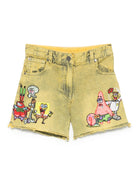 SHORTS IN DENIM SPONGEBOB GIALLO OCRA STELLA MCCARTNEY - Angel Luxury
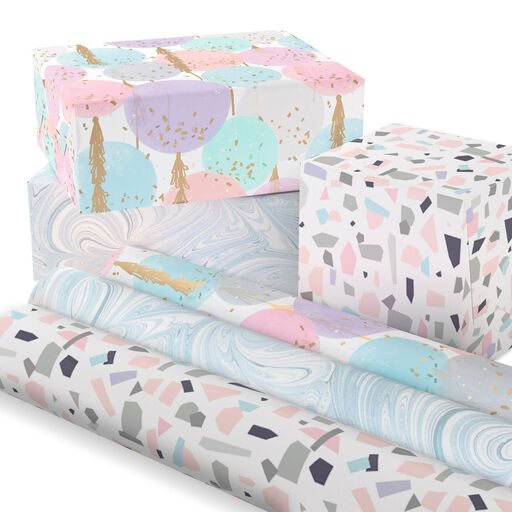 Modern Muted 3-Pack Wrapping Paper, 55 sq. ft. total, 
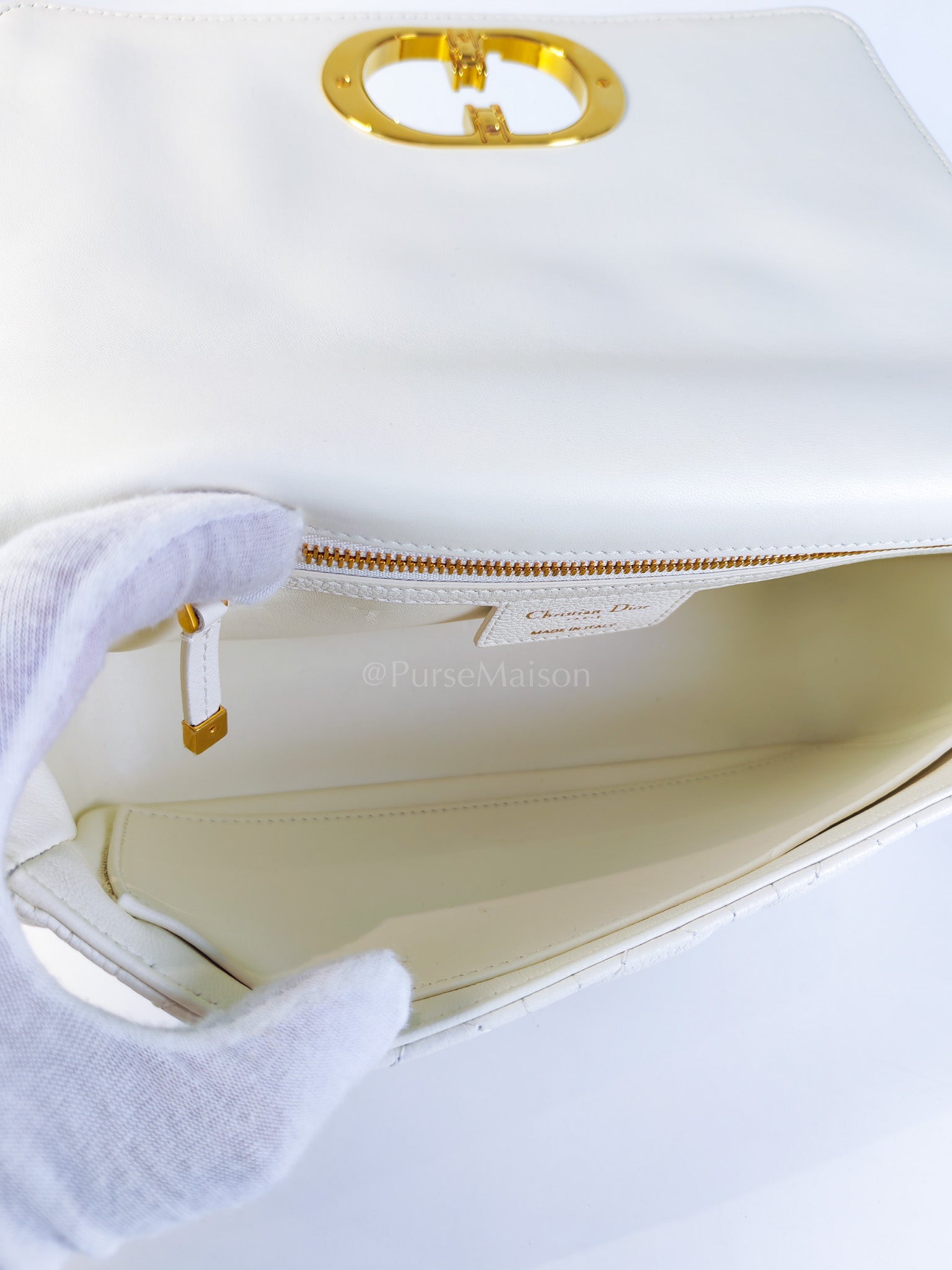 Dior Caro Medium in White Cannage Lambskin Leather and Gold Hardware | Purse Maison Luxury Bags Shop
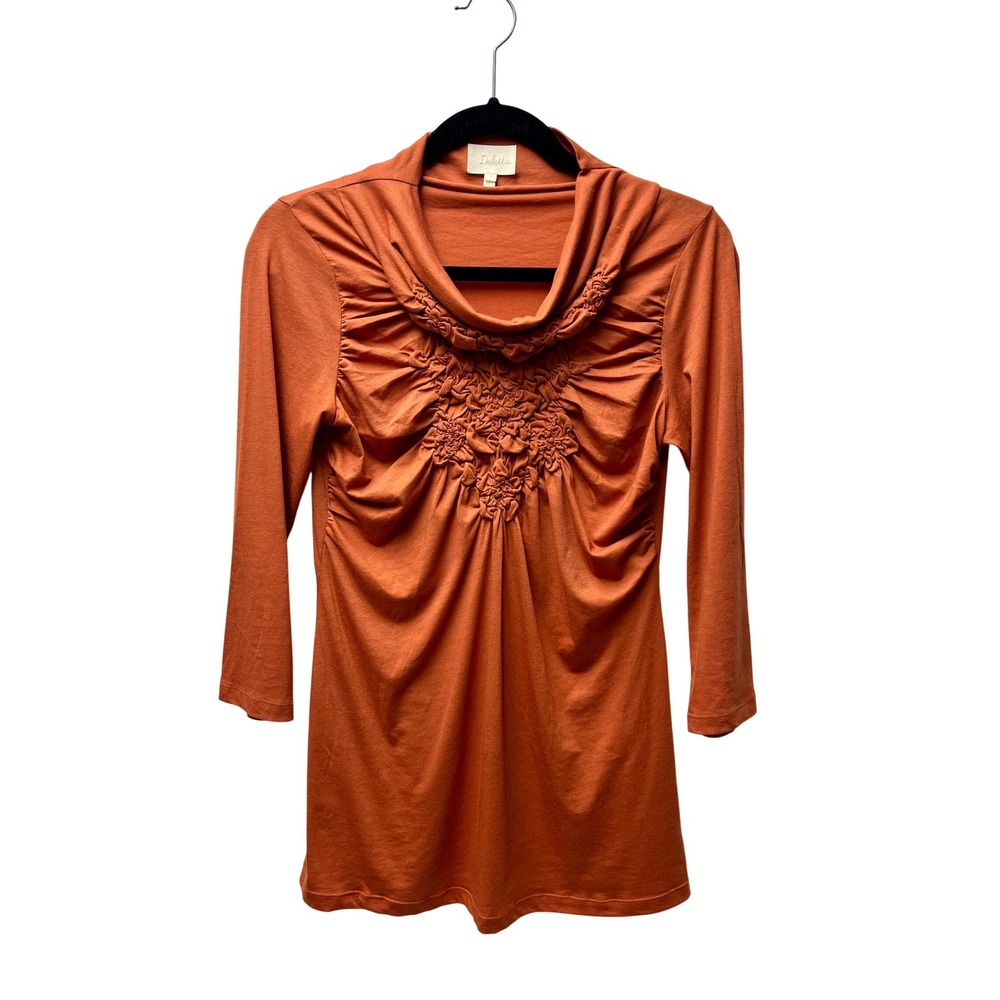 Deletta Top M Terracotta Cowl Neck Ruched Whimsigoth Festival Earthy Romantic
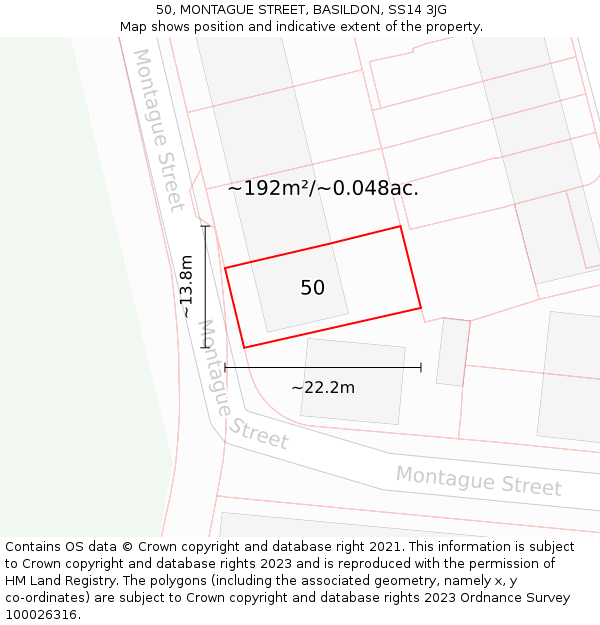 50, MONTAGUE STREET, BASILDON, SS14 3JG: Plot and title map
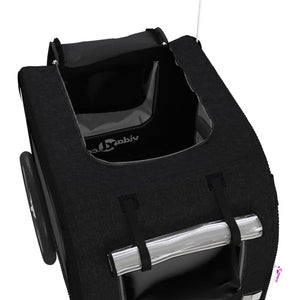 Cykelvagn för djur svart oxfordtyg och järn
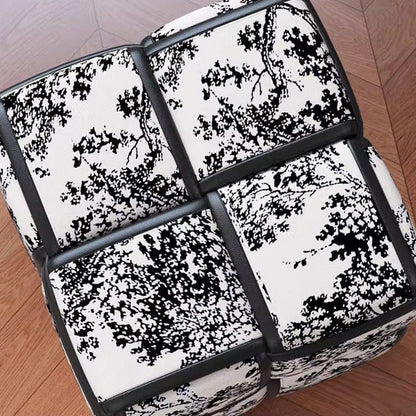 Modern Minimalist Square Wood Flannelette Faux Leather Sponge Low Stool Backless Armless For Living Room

§ What the exercise asks
"50, MONTAGUE STREET, BASILDON, SS14" marks the last line to keep. Retype every line from the start of the entries through that one, exactly, and drop the pictures.

§ Exercise answer
 SHORTS IN DENIM SPONGEBOB GIALLO OCRA STELLA MCCARTNEY - Angel Luxury
 Modern Muted 3-Pack Wrapping Paper, 55 sq. ft. total, 
 Dior Caro Medium in White Cannage Lambskin Leather and Gold Hardware | Purse Maison Luxury Bags Shop
 Deletta Top M Terracotta Cowl Neck Ruched Whimsigoth Festival Earthy Romantic
 50, MONTAGUE STREET, BASILDON, SS14 3JG: Plot and title map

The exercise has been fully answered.